Some students spend their summer break, working minimum-wage jobs, attending camps or sitting around taking a needed break from homework assignments.
Blackhawk Middle School student Chance McKibben, 14, spent his summer and part of the spring during the school year developing a mobile application for Fort Wayne Community Schools.
The app brings information like lunch menus, school delays and closing, grades, school supply lists and important dates to student, parent and teacher smartphones and tablets.
"People will have pertinent information at their fingertips," said Krista Stockman, public information officer, who helped with fine-tuning the app. "We want to have as much communication as possible, as often as possible."
This wasn't the first app McKibben developed.
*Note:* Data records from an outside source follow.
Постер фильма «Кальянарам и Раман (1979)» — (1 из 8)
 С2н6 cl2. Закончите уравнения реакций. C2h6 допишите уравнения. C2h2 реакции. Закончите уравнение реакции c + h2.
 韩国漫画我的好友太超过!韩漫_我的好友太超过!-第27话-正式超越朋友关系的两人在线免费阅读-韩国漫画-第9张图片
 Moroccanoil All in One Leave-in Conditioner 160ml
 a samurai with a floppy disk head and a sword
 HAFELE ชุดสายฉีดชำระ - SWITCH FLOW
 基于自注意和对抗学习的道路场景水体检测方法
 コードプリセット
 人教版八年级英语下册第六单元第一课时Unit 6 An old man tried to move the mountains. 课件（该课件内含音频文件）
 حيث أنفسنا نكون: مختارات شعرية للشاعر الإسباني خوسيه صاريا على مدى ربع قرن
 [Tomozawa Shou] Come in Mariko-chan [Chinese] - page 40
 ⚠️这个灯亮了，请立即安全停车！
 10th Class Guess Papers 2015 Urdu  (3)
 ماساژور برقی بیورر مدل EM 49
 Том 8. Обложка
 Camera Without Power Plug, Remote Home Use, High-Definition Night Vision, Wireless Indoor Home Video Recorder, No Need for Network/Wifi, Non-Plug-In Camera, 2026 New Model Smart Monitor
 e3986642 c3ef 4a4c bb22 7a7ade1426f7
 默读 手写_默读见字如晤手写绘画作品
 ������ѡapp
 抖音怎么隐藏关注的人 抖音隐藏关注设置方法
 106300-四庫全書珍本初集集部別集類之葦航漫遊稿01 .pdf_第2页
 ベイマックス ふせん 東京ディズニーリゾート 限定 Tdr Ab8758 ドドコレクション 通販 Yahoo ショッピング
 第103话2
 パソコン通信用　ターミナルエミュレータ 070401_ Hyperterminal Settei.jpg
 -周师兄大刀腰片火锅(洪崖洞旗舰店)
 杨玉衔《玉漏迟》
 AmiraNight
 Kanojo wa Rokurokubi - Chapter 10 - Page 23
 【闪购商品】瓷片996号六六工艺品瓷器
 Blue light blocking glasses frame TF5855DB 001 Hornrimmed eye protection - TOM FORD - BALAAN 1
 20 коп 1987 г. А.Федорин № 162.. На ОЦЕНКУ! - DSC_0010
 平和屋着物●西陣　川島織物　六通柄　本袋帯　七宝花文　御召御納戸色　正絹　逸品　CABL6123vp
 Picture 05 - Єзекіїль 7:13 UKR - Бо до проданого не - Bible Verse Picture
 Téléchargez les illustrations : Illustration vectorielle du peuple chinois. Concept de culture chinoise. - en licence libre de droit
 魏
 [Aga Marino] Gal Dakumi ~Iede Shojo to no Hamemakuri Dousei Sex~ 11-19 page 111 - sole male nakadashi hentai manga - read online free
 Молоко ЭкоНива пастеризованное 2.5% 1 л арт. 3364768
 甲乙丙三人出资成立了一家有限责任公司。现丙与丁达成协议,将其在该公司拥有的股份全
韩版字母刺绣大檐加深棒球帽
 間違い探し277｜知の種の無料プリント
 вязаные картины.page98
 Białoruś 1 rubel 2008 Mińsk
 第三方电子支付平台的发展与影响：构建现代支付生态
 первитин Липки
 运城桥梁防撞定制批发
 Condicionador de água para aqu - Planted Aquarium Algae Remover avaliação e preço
His brother has his own photography business and encouraged McKibben to develop an app so his clients could view prints on their smartphones and tablets.
From there, McKibben said he wondered why the district didn't have an app.
So last spring he sent a mass-email to all Grile Administration Building employees and received hundreds of responses. He said by the end of the day he was in the principal's office, who set up a meeting with the district's technology department and told him not to send anymore mass emails.
"I met with Jack Byrd (director of FWCS' technology department) on a Friday, so I got out of math class," McKibben said.
Byrd and Stockman both worked with McKibben on perfecting the app and said McKibben is so professional, they would often forget he was an eighth grader.
"Some adults in my department aren't as well-presented as Chance," Byrd said. "He's got incredible presence."
During the press conference Wednesday morning, McKibben presented the app and answered questions like a seasoned professional.
"It's hard not to just smile and stare at Chance," said FWCS Superintendent Wendy Robinson. "It's our responsibility to support parents so students like Chance can follow their dreams. The development of this app is absolutely phenomenal."
McKibben said he taught himself to create applications by reading books, watching videos and of course, practice.
"It takes a lot of patience to build apps," he said.
The entire process took two to three months he said. And Apple requires a submission process that could require extra work.
Now, McKibben has started his own business for developing apps called AppleAppFactory. He's created an app for his church and has met with the City of Fort Wayne, the Fort Wayne Police Department and Fort Wayne Children's Zoo about creating apps, but no other organizations of committed yet.
For FWCS the benefits of the app and it being created by a student are immense. The release of the app is just in time for the district's registration times this week and next.
"Right away, (students and parents) are connected in a new way," Stockman said. "It's reaching people where they're at. People aren't always at their computers, but they always have their phones or iPads."
She said she recently attended a conference and spoke with other districts that paid anywhere from $5,000-$20,000 for app development. Stockman didn't have the exact figure, but said the district paid McKibben less than $1,000.
Byrd said he hopes it will also save the district in paper costs, being able to reach people with technology instead of letters or flyers.
McKibben is working with the district to develop other apps for bus route notifications and apps for individual schools.
He said he's proud of the app and that with some schools having iPads this upcoming school year, many will be using what he created.
"I put the district into everybody's hands. It really shows hard work pays off," he said.
The app is free and can be downloaded through the Apple or Google Play app stores by searching "FWCS", or text FWCS to 75309 for downloadable links.